黒に鶴の刺繍の入ったアンティークの着物ドレスが印象的なフジコさん。
気分がのってきたのか予定外のべートーヴェンの「皇帝」の2楽章や
十八番のショパンの「エチュード」やリストの「カンパネラ」も弾いて
颯爽と舞台の袖へ消えていきました。
気になる指先は想像した通り、繊細で力強い音を鳴らしておりました。
でも今回、ものすごーく楽しかったのはオーケストラの演奏。
3階席からはそれぞれの楽器や演奏がすべて見えるので
(私の視力1.5なので3階でもほんとよく見えるのね)
音楽を聴くことだけじゃなくて演奏者や指揮者、使い込まれた楽器たち、
それから曲の間に椅子や楽譜台、ピアノを移動する人たちなど
くるくると人や楽器が入れ代わっていく。
舞台中心で踊るように指揮する指揮者、
ティンパニーや大太鼓、シンバル、タンバリンなどの打楽器担当のちょび髭3人衆、
猫背で大きなコントラバスに寄り添うよう弾くおじさん(坂上二郎似)、
ジョディ・フォスターそっくりのチェロ奏者(うつくひー)、
髪をぴったりとなでつけてカッコよくきめている男もいれば、
ぼさぼさの髪、よれよれドレスで演奏している女もいる。
いろんな人が集まって演奏していることに音楽と関係ないところで感動したり。

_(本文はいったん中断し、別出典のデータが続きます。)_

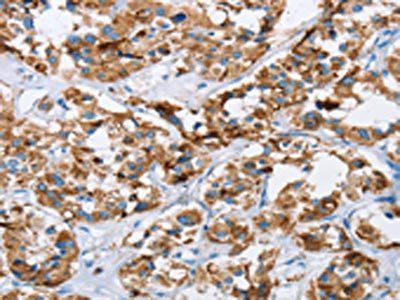 HINT2 Antibody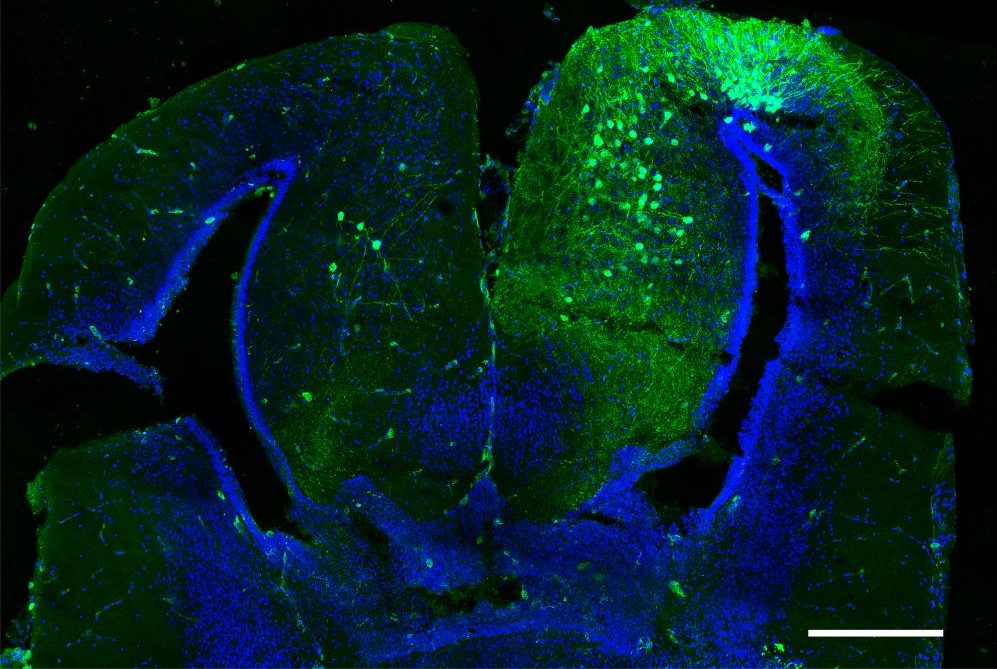 AAV-mediated labeling of neurons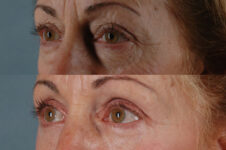 Before and After Eyelid Surgery Blepharoplasty Female Patient left diagonal view case 3486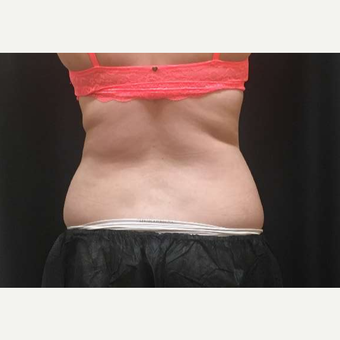 18-24 year old woman treated with CoolSculpting after 3747847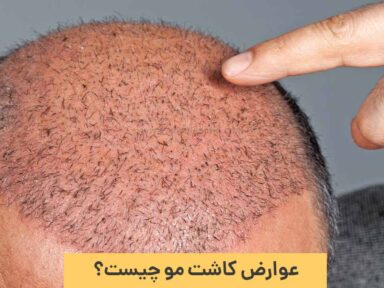 عوارض کاشت مو و روش های جلوگیری از بروز آن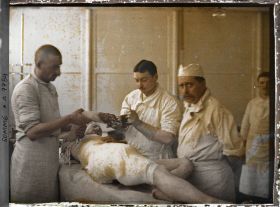 Image représentant Hôpital d'évacuation de Moreuil. Blessures produites par les éclats d'obus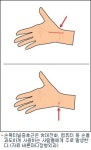 손저림 심하면 손목터널증후군 의심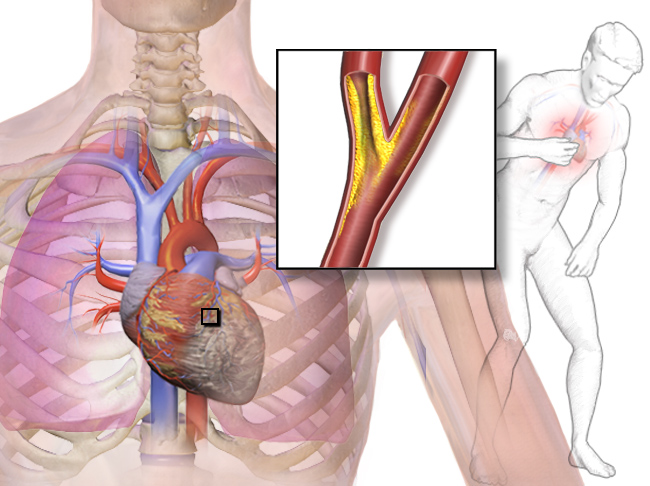 Heart attacks: Almost fifty percent could be ‘silent’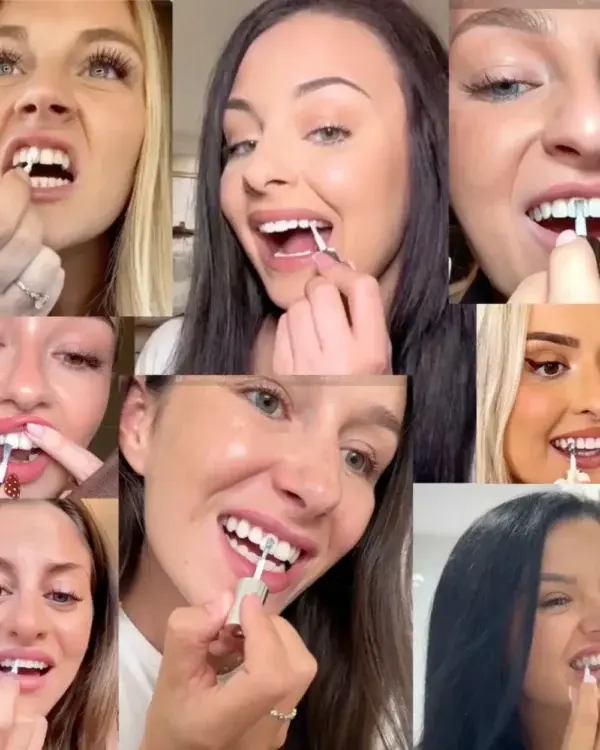Tooth Polish – Instant White Smile - Image 5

あはは。
他にもこのオーケストラでぜひ見たい聴きたいと思っていた楽器バッソン、
日頃あまり聴いたことのないチャイコフスキーのバレエ組曲、
組曲の盛り上がりに合わせて上がった私のヴォルテージも
オーケストラが演奏人数によってこんなに音の厚みが変わることも
足の裏と耳と目で体験した「おおおーーー、すばらし!」の3時間。
音楽の終わり、「ブラボーーーー!」と叫んでいた人はどんな人だろう。
絶妙なタイミングで聞こえたその掛け声に心の中でうんうんと頷きながら
私も痛痒くなるくらいの拍手と共に初オーケストラの夜は幕を閉じましたのさ。